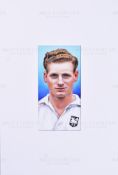 CIGARETTE / TRADE CARDS - ORIGINAL ARTWORK - TOM FINNEY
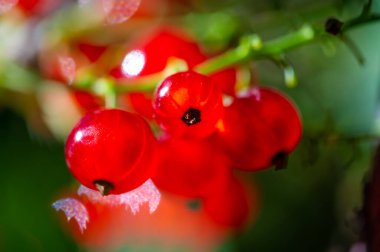 Kırmızı frenk üzümlerinin fevkalade makro fotoğrafları. Güzel bir bokeh etkisi ve sığ bir alan derinliği var. Parlak kırmızı kuşüzümü rengi.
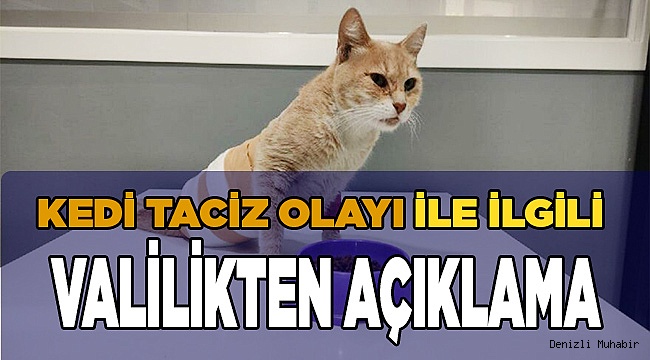 Kedi taciz olayı ile ilgili Valilikten açıklama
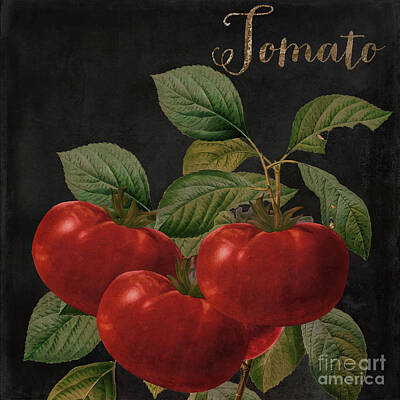 Food And Beverage Paintings - Medley Tomato by Mindy Sommers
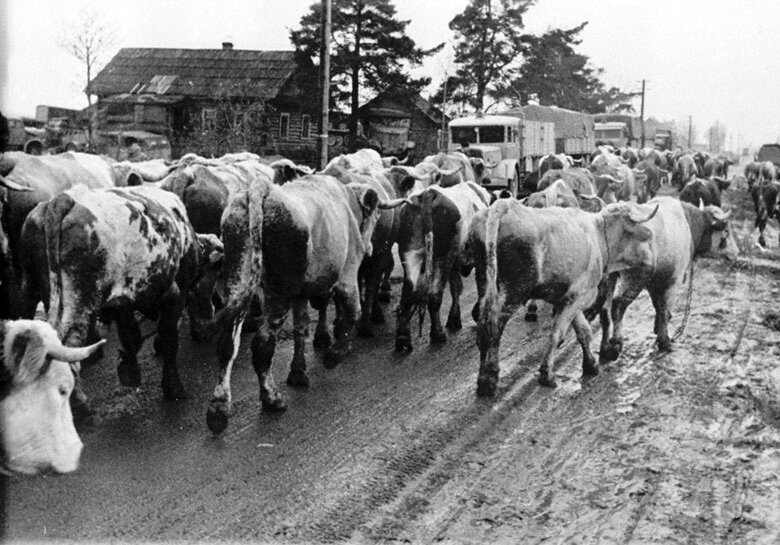 Коровий марш. Эвакуация скота 1941. Коровы в Великую отечественную войну. Подсобное хозяйство в годы войны. Животноводство в годы Великой Отечественной войны.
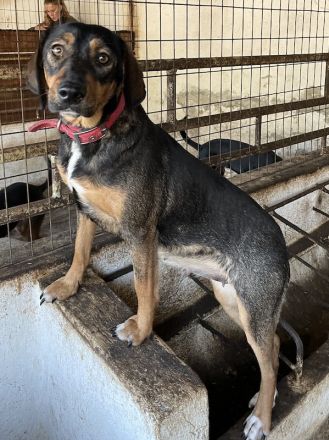 Zona, geb. ca. 11/2022, lebt in GRIECHENLAND, auf einer privaten Pflegestelle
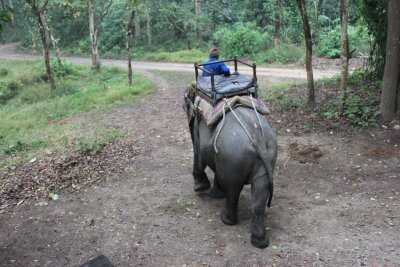 Elephant Ride 14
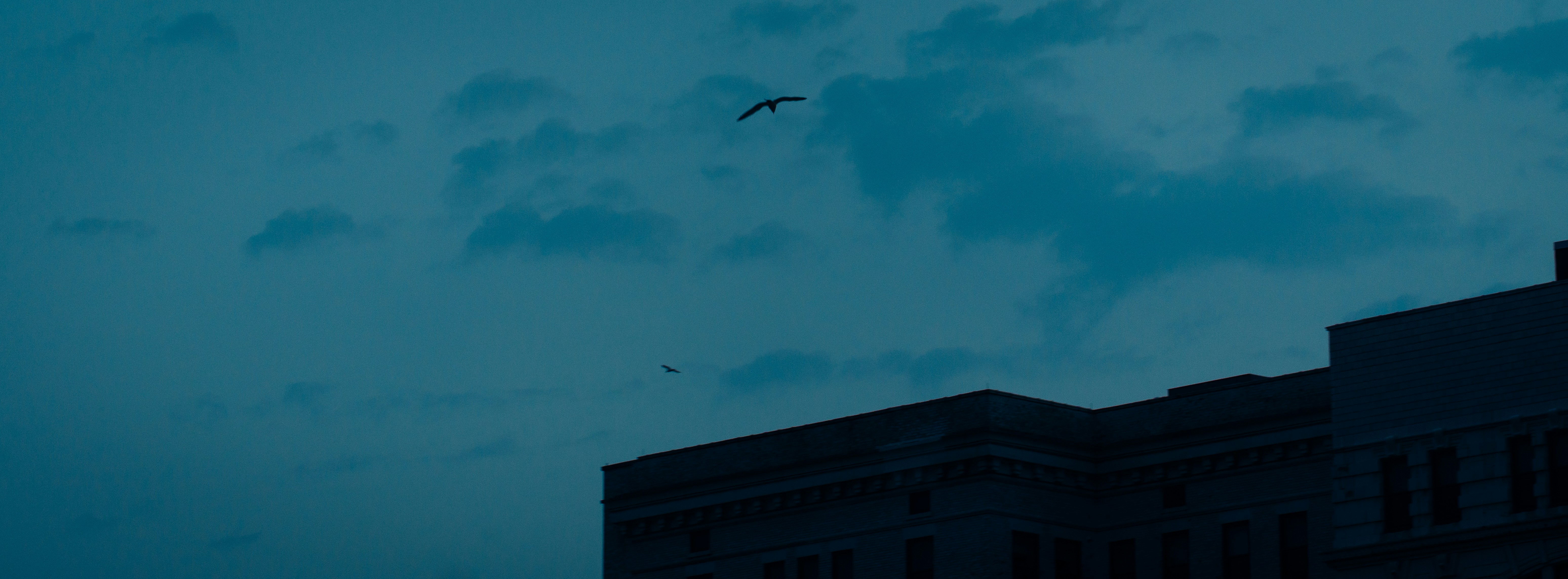 Photo by chris_lynch_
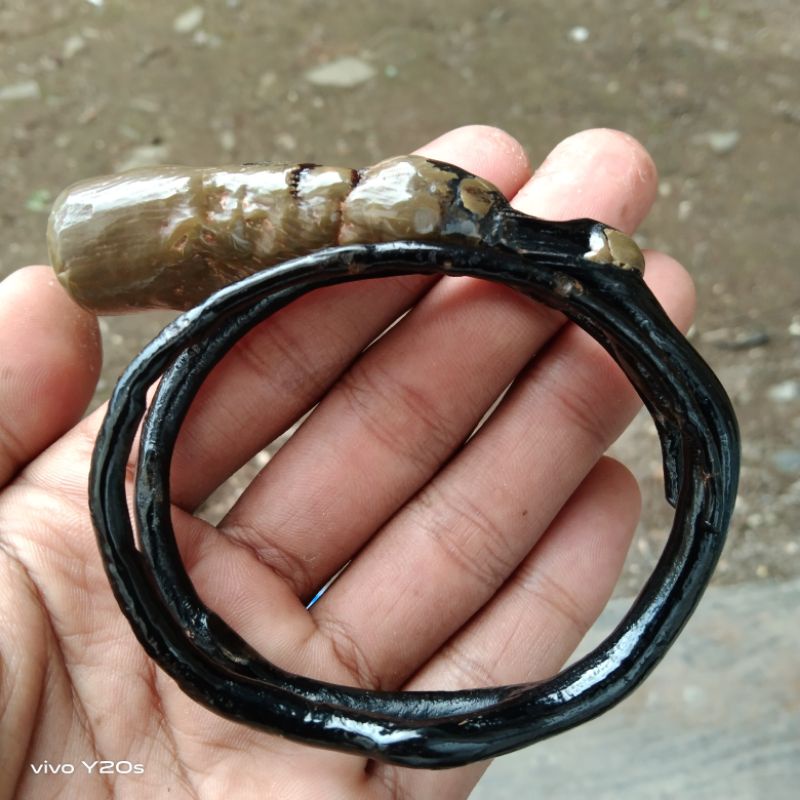GELANG AKAR BAHAR HITAM BONGGOL ASLI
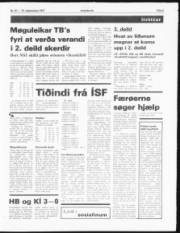 Síða 5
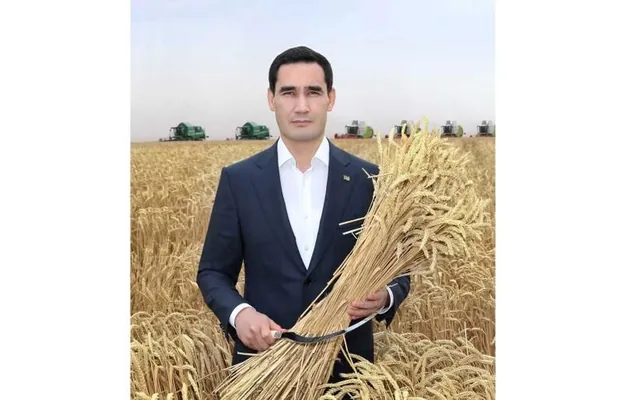 Türkmenistanda 1 million 400 müň tonnadan gowrak bugdaý hasyly tabşyryldy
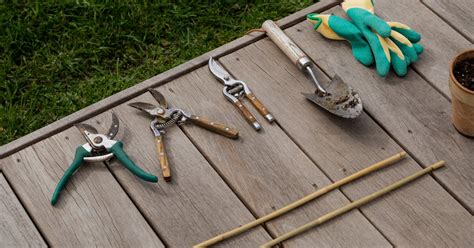 Outils de jardinage manuels disposés sur une surface en bois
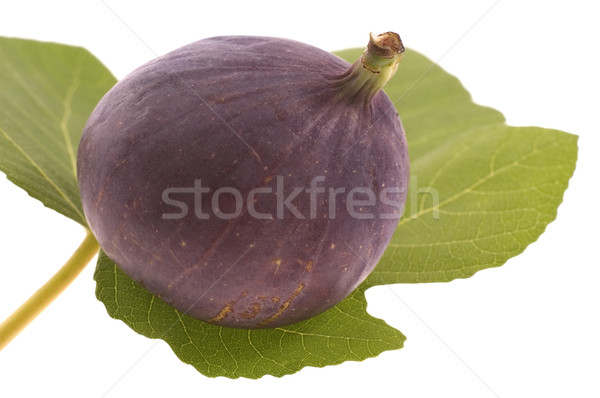 Folha fresco frutas isolado comida natureza Foto stock © joannawnuk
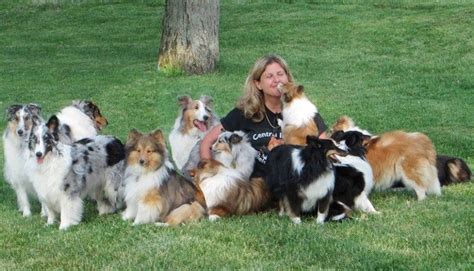 28 Shetland Sheepdogs Rescued Through Tenacity of 'Sheltie Nation'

■ ■ ■ ■ ■

Repeat the entries exactly. Any picture is to be left out.

 CIGARETTE / TRADE CARDS - ORIGINAL ARTWORK - TOM FINNEY
 Kırmızı frenk üzümlerinin fevkalade makro fotoğrafları. Güzel bir bokeh etkisi ve sığ bir alan derinliği var. Parlak kırmızı kuşüzümü rengi.
 Kedi taciz olayı ile ilgili Valilikten açıklama
 Food And Beverage Paintings - Medley Tomato by Mindy Sommers
 Коровий марш. Эвакуация скота 1941. Коровы в Великую отечественную войну. Подсобное хозяйство в годы войны. Животноводство в годы Великой Отечественной войны.
 Zona, geb. ca. 11/2022, lebt in GRIECHENLAND, auf einer privaten Pflegestelle
 Elephant Ride 14
 Photo by chris_lynch_
GELANG AKAR BAHAR HITAM BONGGOL ASLI
 Síða 5
 Türkmenistanda 1 million 400 müň tonnadan gowrak bugdaý hasyly tabşyryldy
 Outils de jardinage manuels disposés sur une surface en bois
 Folha fresco frutas isolado comida natureza Foto stock © joannawnuk
 28 Shetland Sheepdogs Rescued Through Tenacity of 'Sheltie Nation'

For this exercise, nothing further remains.